During symmetry breaking there is less order and more chaos, and the fundamental characteristics of the universe are radically altered

Tuesday, February 11, 2014

Driven

I began writing this last week.

I thought it would be impossible to talk about these things: to tell the story of Sjors and Hans and everything that happened with MIVD and Mac. It felt trapped inside. I didn't know if I could pry it loose.

Now it is loosed. I keep trying to work on my projects, but the words for this story pour out of me. I keep a document open so I have a place to dump them so I can return to my work projects. But the words accumulate and I have to relieve them once more. In the past week I've written 14,000 words.

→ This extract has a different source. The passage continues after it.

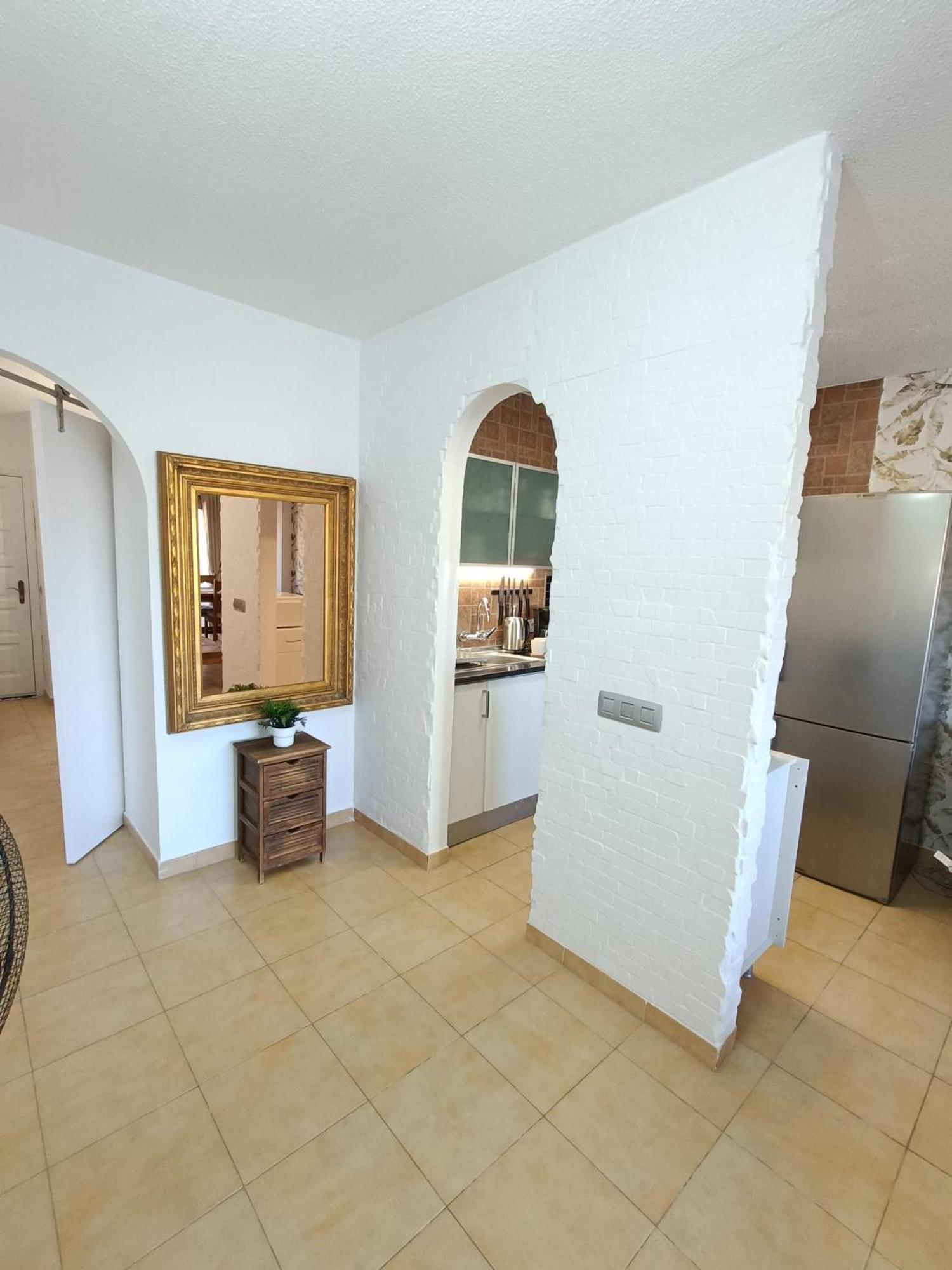 Wonderful Apartment With Pool And Wi-Fi Golf Del Sur Exteriör bild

Everything I write, I pass to Marie. Witness to every event, she reads and comments on my recollections.

It is important to me to keep the fidelity of every memory, every conversation, every moment I spent with Sjors. I think this is because they tried to take them away from me. He lied, said it never happened. There is nothing worse that someone can do than to corrupt your memories. I will always hate them for trying to rewrite history.

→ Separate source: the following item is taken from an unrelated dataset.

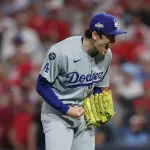 【悲報】佐々木朗希、ポストシーズンで初リリーフをやらされ2連続セーブ成功した唯一の例だった・・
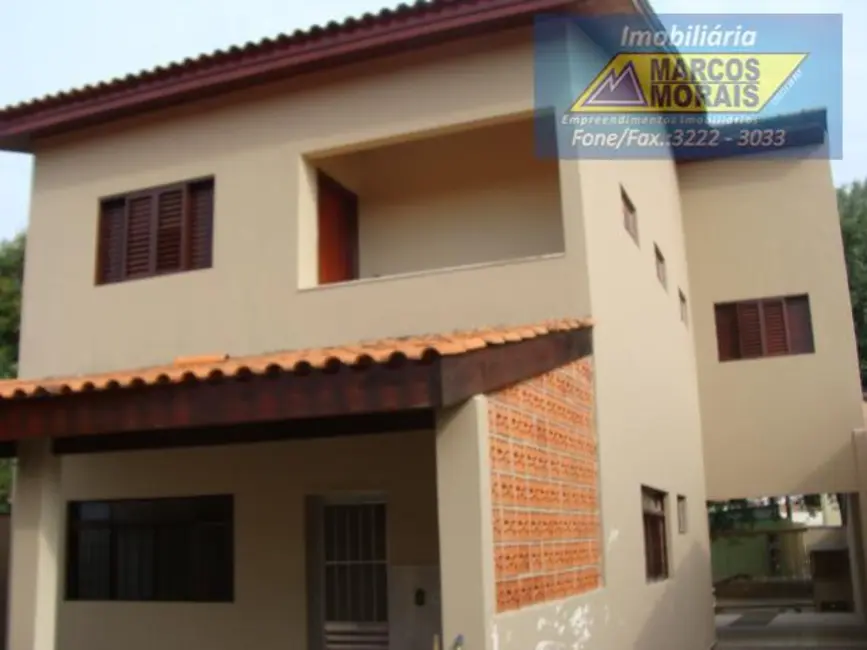 Foto 4 de Casa com 4 quartos à venda, 400m2 em Vila Espírito Santo, Sorocaba - SP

I have a video that Sjors made for me when I was grieving the loss of Hans. He looks into the camera, speaks frankly about the difficult position he's put me in, and tells me that he loves me, he fears, forever. I couldn't look at that video for so long while Sjors was writing such awful messages to me. It hurt too badly. But I found it yesterday and watched it, feeling that this was a different person, a different lifetime ago.

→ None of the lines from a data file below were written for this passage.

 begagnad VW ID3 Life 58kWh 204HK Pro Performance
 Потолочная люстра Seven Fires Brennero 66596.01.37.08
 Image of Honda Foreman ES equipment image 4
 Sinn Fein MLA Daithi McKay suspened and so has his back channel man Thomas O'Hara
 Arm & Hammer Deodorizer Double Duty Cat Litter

Did you believe what you said then, Sjors? I have to think that you did. What the fuck happened to you? I would give anything to know the details of your side of this nightmare. What happened to you in August and September 2011 when they made you their boy again? Tell me that story and I'll buy you a beer.

I don't have the audacity to believe that anyone would give a shit about this story besides me. But I will write it down. I will put it all in one place. I will own this narrative.